All parties interested in the audio only portion of the company’s 2Q17 earnings conference call are invited to dial 888-625-7430. No password is required. A webcast of the 2Q17 earnings call may also be accessed via Humana’s Investor Relations page at humana.com. The company suggests participants for both the conference call and those listening via the web dial in or sign on at least 15 minutes in advance of the call.

For those unable to participate in the live event, the archive will be available in the Historical Webcasts and Presentations section of the Investor Relations page at humana.com, approximately two hours following the live webcast. Telephone replays will also be available approximately two hours following the live event until midnight eastern time on October 2, 2017 and can be accessed by dialing 855-859-2056 and providing the conference ID #89803304.

Footnotes

(a) 2Q17 Adjusted results exclude the following:

  • Amortization expense for identifiable intangibles of approximately $18 million pretax, or $0.08 per diluted common share; GAAP measures affected in this release include consolidated pretax, EPS, and segment pretax results (for each segment’s amount of such amortization).
  • The one-year beneficial effect of a lower effective tax rate of approximately $0.54 per diluted common share in light of pricing and benefit design assumptions associated with the 2017 temporary suspension of the non-deductible health insurance industry fee; excludes Individual Commercial business impact. GAAP measures affected in this release include consolidated EPS.
  • Operating earnings of approximately $118 million pretax, or $0.51 per diluted common share, for the company’s Individual Commercial business given the company’s planned exit on January 1, 2018, as previously disclosed. GAAP measures affected in this release include consolidated pretax income, EPS, consolidated revenues, consolidated benefit ratio and consolidated operating cost ratio.

(b) 2Q16 Adjusted results (recast) exclude the following:

  • Transaction and integration costs of $27 million pretax, or $0.16 per diluted common share, associated with the then-pending merger agreement; GAAP measures affected in this release include consolidated pretax income and EPS.
  • Amortization expense for identifiable intangibles of approximately $20 million, or $0.08 per diluted common share; GAAP measures affected in this release include consolidated pretax, EPS, and segment pretax results (for each segment’s amount of such amortization).
  • Operating losses of $225 million pretax, or $0.99 per diluted common share, for the company’s Individual Commercial business given the company’s planned exit on January 1, 2018, as previously disclosed.

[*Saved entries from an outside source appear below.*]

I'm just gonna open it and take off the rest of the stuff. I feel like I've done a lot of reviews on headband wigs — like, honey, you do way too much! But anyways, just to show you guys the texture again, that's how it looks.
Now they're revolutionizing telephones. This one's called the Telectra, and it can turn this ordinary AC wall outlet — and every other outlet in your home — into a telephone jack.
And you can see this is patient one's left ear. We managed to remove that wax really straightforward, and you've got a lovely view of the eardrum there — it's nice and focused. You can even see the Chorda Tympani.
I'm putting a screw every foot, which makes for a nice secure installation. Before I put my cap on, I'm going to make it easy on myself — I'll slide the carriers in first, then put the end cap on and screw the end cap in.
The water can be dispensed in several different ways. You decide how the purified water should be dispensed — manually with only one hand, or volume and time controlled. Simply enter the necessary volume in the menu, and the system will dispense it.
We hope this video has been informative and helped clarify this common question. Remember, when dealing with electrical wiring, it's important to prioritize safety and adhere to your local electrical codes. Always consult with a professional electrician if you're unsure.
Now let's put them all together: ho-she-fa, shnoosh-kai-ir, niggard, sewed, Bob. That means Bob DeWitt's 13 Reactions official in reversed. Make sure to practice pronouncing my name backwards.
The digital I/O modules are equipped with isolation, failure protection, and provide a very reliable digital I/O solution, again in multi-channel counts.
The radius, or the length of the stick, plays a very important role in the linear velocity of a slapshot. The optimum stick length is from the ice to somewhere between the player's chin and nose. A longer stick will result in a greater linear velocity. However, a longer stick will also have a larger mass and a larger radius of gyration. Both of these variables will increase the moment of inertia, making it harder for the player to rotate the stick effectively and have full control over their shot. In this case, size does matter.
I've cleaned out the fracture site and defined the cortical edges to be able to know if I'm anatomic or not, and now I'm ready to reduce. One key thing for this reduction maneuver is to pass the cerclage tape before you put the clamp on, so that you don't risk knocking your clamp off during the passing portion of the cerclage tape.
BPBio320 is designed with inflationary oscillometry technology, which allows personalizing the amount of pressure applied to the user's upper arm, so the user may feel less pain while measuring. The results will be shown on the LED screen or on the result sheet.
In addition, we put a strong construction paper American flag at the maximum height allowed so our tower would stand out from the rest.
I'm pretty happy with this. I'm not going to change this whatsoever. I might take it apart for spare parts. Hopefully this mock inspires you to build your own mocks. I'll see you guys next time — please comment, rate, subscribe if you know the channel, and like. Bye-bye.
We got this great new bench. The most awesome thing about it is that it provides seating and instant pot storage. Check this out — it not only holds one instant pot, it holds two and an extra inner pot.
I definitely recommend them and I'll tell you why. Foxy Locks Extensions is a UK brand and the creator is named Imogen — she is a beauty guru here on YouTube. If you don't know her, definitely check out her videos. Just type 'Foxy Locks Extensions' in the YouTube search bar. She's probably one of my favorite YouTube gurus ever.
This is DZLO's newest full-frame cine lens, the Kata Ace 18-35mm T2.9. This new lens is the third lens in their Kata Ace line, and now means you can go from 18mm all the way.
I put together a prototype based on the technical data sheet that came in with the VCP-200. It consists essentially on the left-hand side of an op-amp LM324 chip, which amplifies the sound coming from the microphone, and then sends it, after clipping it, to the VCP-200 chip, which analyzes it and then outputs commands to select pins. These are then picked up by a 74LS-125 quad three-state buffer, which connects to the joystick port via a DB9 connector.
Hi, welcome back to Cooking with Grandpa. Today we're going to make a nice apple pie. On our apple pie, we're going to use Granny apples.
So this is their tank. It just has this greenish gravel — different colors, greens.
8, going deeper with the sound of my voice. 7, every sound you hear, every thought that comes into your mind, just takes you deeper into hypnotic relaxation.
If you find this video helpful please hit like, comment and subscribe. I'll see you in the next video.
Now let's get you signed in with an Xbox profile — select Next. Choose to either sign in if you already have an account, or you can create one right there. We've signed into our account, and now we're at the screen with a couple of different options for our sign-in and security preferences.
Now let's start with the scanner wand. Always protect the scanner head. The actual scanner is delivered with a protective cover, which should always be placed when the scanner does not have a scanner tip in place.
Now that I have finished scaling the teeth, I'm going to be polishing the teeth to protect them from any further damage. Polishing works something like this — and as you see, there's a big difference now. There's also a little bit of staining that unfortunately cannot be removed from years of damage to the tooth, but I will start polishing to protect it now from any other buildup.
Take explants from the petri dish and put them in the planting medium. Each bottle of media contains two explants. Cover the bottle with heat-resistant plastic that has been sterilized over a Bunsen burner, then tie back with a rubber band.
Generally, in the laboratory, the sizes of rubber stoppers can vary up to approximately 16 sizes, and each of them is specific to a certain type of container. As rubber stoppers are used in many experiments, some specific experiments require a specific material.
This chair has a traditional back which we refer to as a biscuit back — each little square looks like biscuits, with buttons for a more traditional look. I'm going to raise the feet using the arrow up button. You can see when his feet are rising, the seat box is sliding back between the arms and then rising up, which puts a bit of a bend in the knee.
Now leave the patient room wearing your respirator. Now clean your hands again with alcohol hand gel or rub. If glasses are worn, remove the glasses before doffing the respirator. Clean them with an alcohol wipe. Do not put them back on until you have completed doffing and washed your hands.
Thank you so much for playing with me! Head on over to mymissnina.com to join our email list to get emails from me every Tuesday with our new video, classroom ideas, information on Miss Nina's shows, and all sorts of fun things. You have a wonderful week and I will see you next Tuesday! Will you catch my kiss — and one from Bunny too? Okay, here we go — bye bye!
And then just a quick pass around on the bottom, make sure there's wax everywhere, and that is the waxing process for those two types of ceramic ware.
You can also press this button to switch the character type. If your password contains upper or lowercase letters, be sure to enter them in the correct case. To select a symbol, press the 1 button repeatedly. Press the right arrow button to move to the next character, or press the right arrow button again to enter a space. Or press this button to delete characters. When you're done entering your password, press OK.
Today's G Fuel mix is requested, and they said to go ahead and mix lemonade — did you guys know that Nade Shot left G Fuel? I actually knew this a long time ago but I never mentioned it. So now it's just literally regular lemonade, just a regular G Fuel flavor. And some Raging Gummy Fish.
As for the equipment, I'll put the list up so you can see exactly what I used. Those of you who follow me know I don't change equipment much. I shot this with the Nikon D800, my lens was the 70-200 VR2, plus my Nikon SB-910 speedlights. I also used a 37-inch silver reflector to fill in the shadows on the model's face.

GAAP measures affected in this release include consolidated pretax income, EPS, consolidated revenues, consolidated benefit ratio and consolidated operating cost ratio.

(c) 1H 2017 Adjusted results exclude the following:

  • Net gain from the termination of the merger agreement of approximately $947 million pretax, or $4.31 per diluted common share; includes the net break-up fee and transaction costs net of the tax benefit associated with certain expenses which were previously non-deductible; GAAP measures affected in this release include consolidated pretax income and EPS.
  • Amortization expense for identifiable intangibles of approximately $36 million pretax, or $0.16 per diluted common share; GAAP measures affected in this release include consolidated pretax, EPS, and segment pretax results (for each segment’s amount of such amortization).
  • The one-year beneficial effect of a lower effective tax rate of approximately $1.06 per diluted common share in light of pricing and benefit design assumptions associated with the 2017 temporary suspension of the non-deductible health insurance industry fee; excludes Individual Commercial business impact. GAAP measures affected in this release include consolidated EPS.
  • Guaranty fund assessment expense of approximately $54 million pretax, or $0.23 per diluted common share, to support the policyholder obligations of Penn Treaty (an unaffiliated long-term care insurance company); GAAP measures affected in this release include consolidated pretax income, EPS, and consolidated operating costs ratio. Under state guaranty assessment laws, the company may be assessed (up to prescribed limits) for certain obligations to the policyholders and claimants of insolvent insurance companies that write the same line or lines of business as the company. On March 1, 2017, a court ordered the liquidation of Penn Treaty which triggered assessments from the state guaranty associations.
  • Operating earnings of approximately $181 million pretax, or $0.77 per diluted common share, for the company’s Individual Commercial business given the company’s planned exit on January 1, 2018, as previously disclosed. GAAP measures affected in this release include consolidated pretax income, EPS, consolidated revenues, consolidated benefit ratio and consolidated operating cost ratio.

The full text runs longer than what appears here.